Gerson Claro já teria a seu favor o apoio de Tereza Cristina e do casal Lidio Lopes e Adriane Lopes, o primeiro é deputado estadual reeleito e a segunda é a prefeita de Campo Grande, e ambos são do Patriota.

Por outro lado, Londres Machado tem a experiência de ser o deputado estadual com mais mandatos na Casa de Leis e também de já ter presidido a Assembleia Legislativa em outras oportunidades. Procurado pela reportagem, Gerson Claro voltou a reafirmar que o PP tem mesmo a pretensão de assumir a presidência da Assembleia Legislativa, mas negou uma disputa interna pelo cargo.

“O PP me reelegeu e também reelegeu o deputado estadual Londres Machado, então, ambos podem concorrer”, pontuou, deixando transparecer que, caso o seu nome seja consenso dentro da legenda, levará em consideração a candidatura. Fontes próximas a Londres Machado garantiram que ele não tem mais interesse em disputar nem a presidência nem a primeira-secretaria da Assembleia Legislativa.

Ninho tucano

No ninho tucano, não é mais novidade para ninguém que tanto Zé Teixeira quanto Mara Caseiro querem a presidência da Assembleia Legislativa, porém, o fato novo seria a possibilidade de que o atual presidente, deputado estadual reeleito Paulo Corrêa, estaria sendo cotado para assumir o cargo de secretário-chefe da Casa Civil na gestão do governador eleito Eduardo Riedel.

Essa possibilidade enfraqueceria o nome de Zé Teixeira, pois ele teria o apoio de Paulo Corrêa para ser o candidato do PSDB à presidência e, em troca, o atual presidente ocuparia a primeira-secretaria. Fontes próximas de Paulo Corrêa asseguram que ele não deixará o mandato para assumir nenhuma secretaria estadual no governo de Riedel.

Sobre a pretensão de ser presidente da Assembleia Legislativa em 2023, Zé Teixeira disse em outra ocasião ao Correio do Estado que ele tem todo o direito de ser candidato ao cargo. “Agora, preciso primeiro montar o meu grupo, pois, quando se coloca o nome para a disputa, você tem de negociar, tem de deixar fluir dentro dos seus pares e, se eles acharem que mereço, aí vou em busca do aval do governador eleito”, afirmou.

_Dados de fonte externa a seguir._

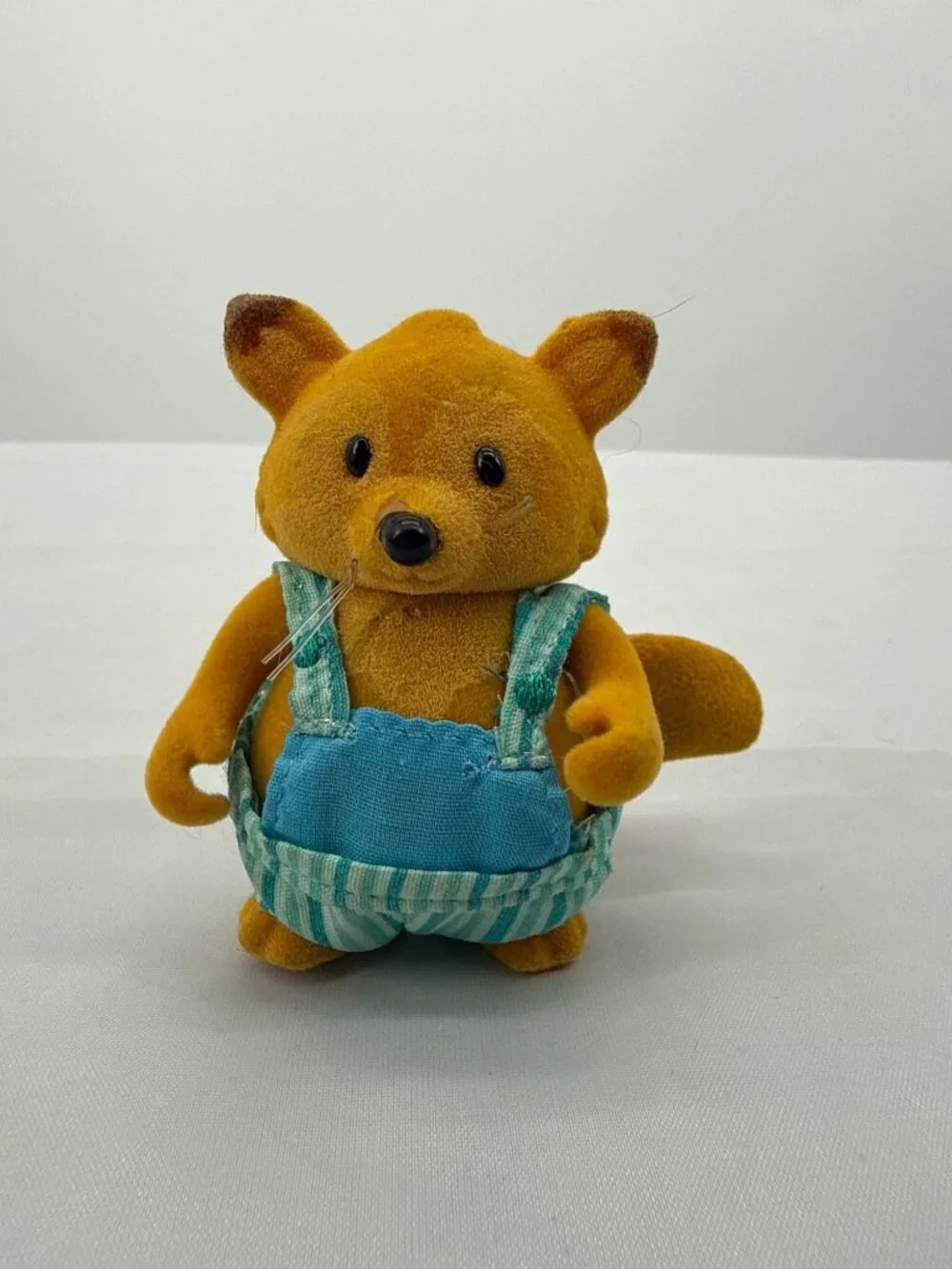Li'l Woodzeez Howie Tippytail Fox Figure Calico Critters Style Mini Toy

Ele acrescentou que não poderia afirmar se era ou não candidato. “Vou esperar fluir dentro do grupo, mas estou lá há sete mandatos, fiz um trabalho extraordinário como primeiro-secretário, tenho o aval dos meus pares e, se o nome fluir, assim será”, declarou. 

Já a deputada estadual reeleita Mara Caseiro também não descartou ao Correio do Estado a possibilidade de disputar a presidência.

“Penso que todos têm esse direito, mas entendo que seria muito representativo ser a primeira mulher a assumir a presidência da Casa de Leis. Entretanto, é claro que isso depende de uma construção e, por isso, vou conversar com todos os meus colegas deputados para verificar a possibilidade”, afirmou a parlamentar, que foi a primeira mulher líder do governo na Assembleia Legislativa, escolhida pelo governador Reinaldo Azambuja (PSDB), e agora também pode ser a primeira presidente.

Conforme o regimento interno da Casa de Leis, o novo presidente terá de ser definido no dia 1º de fevereiro de 2023. Nessa data, os 24 parlamentares devem se reunir para a solenidade de posse e eleição da mesa diretora, que será feita por votação nominal e aberta e cujo vencedor cumprirá mandato de dois anos, com possibilidade de reeleição.